═══ Given information

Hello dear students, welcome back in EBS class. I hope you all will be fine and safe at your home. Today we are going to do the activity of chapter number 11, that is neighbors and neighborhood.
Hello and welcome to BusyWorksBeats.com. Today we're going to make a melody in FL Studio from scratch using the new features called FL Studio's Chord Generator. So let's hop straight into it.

══════
═══ Given information

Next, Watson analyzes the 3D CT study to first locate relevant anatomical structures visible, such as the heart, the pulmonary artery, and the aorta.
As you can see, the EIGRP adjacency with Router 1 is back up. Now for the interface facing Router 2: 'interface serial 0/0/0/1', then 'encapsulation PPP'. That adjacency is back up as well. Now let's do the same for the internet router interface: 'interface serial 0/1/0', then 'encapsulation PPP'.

══════
═══ Given information

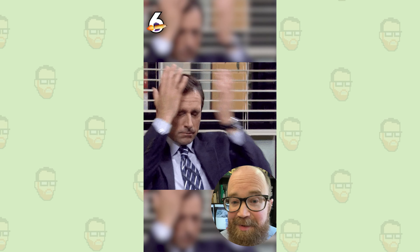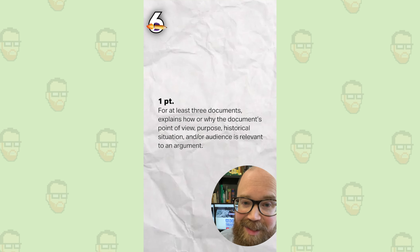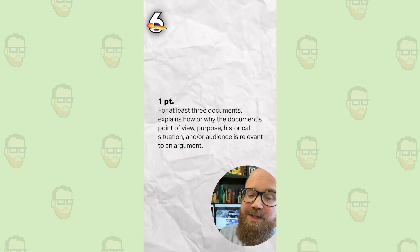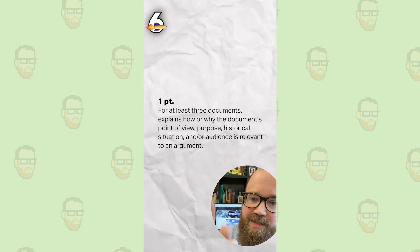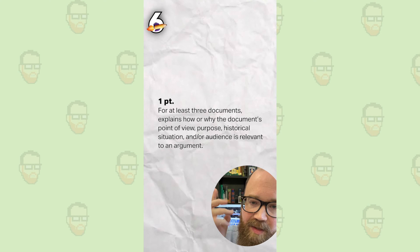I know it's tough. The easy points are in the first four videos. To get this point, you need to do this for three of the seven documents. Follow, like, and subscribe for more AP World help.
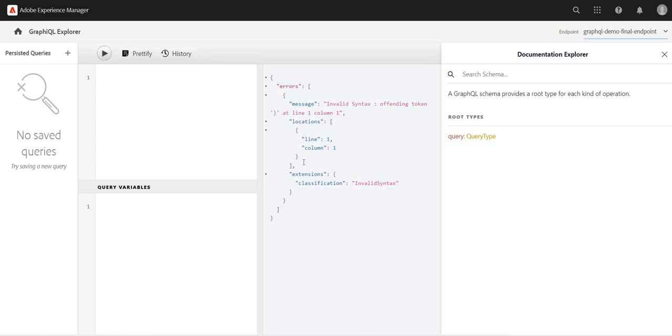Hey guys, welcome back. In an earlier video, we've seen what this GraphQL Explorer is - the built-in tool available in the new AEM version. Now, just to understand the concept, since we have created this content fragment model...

══════

**Try it**
From the data above, reproduce word for word the lines running from the line with "Hello dear students, welcome" to the line with "Hello and welcome", ends included.

**Answer for the task**
Hello dear students, welcome back in EBS class. I hope you all will be fine and safe at your home. Today we are going to do the activity of chapter number 11, that is neighbors and neighborhood.
Hello and welcome to BusyWorksBeats.com. Today we're going to make a melody in FL Studio from scratch using the new features called FL Studio's Chord Generator. So let's hop straight into it.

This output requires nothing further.